Tuesday, March 12, 2013
POPE ANGELO BAGNASCO?
The following is John Allen's summation of the the strengths and weaknesses of Cardinal Bagnasco of Genoa. I am leaving it to the Holy Spirit to decide the election not my clairvoyance because as you know I may not be! But let us pray that the Cardinals put us out of our misery and make their selection quickly. I'm too old for this kind of intrigue and excitement, not to mention anxiety, worry, upset stomach, headaches, pathology, bi-polar, multiple personality and questioning of my clairvoyance which may well be what I am or maybe not! Is there a doctor in the blog, I need help!
The case for Cardinal Angelo Bagnasco as pope boils down to four points.
First, he's seen as someone adept at navigating the shoals of Italian ecclesiastical politics, a figure with friends in all the different camps, who's kept CEI largely intact and avoided any major fractures or embarrassments. At a time when many cardinals want someone who can put the Vatican back in order, that résumé could seem appealing.
Second, Bagnasco's pedigree as a disciple of Siri makes him more than acceptable to the traditionalists in the College of Cardinals, but his profile as a pragmatic centrist also means he could draw support from moderates.
Third, Bagnasco's academic study of contemporary atheism and his capacity to project a reasonable voice for the church in public affairs, unwavering on substance yet gentle in tone, could strike some cardinals as the right fit in terms of engaging an increasingly secular world in the 21st century. He also speaks multiple languages, generally seen as a basic requirement of the job.
Fourth, Bagnasco's history of being a compromise solution to thorny political problems could come in handy.
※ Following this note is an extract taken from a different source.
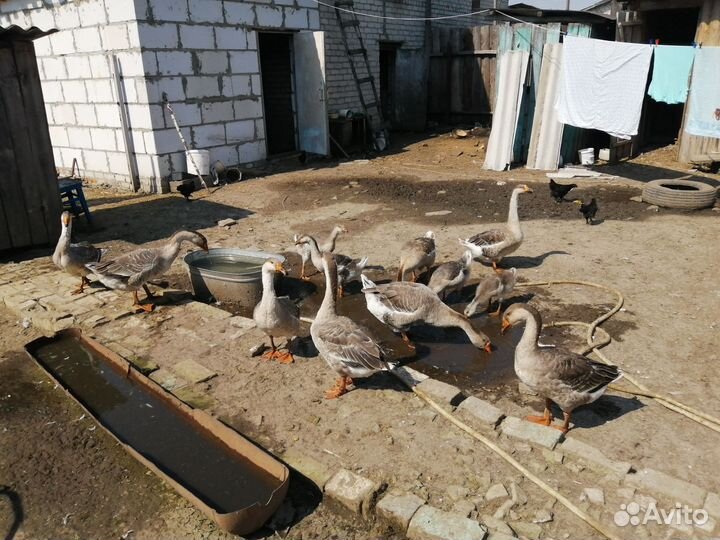 Крупные серые гуси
By consensus, there is no clear front-runner in the 2013 conclave, and it's entirely possible that votes in the early rounds could splinter among two or three strong candidates. If none seems positioned to reach a two-thirds majority, heads may begin turning towards a figure more or less palatable to everybody, even if he didn't start out as their first choice.
On the other hand, there are some compelling reasons why Bagnasco might not pass the smell test.
First, there's an anti-Italian humor among some cardinals who see the recent breakdowns in the Vatican as the product of internal Italian squabbles. Reform, in their mind, often means breaking the Italian stranglehold, which doesn't seem to bode well for an Italian pope.
Second, Bagnasco may be recognizable in Italy, but he's not well known anywhere else. Some cardinals may worry about rolling the dice on someone they don't know all that well, especially at a time when the church faces fresh scrutiny amid various scandals, either real or invented, swirling in the global media.
Third, despite Bagnasco's polish and intellectual depth, some cardinals may question how effective he is at moving the ball vis-à-vis the church's concerns. In the recent Italian elections, for instance, Bagnasco and CEI appeared to back Monti's re-election bid, yet the incumbent barely got 10 percent of the vote. If that's the best Bagnasco can do in his own backyard, some cardinals may wonder, what can we expect him to accomplish in other parts of the world?
Fourth, Bagnasco was a player in the surreal "Boffo case" in 2009 and 2010, when the editor of CEI's newspaper was accused of harassing a woman because he wanted to pursue an affair with her fiancé. When it emerged that some of the supposed police documents in the case were fake, conspiracy theories accused senior Vatican personnel, including Bertone and the editor of the Vatican newspaper, of being behind the plot. Bagnasco backed Boff throughout, and later named him director of the bishops' TV network.
Despite an avalanche of commentary and coverage, at the end of the day, the truth of the matter still seems murky. Though most cardinals outside Italy probably weren't paying much attention, there may still be some question marks about Bagnasco's handling of the situation.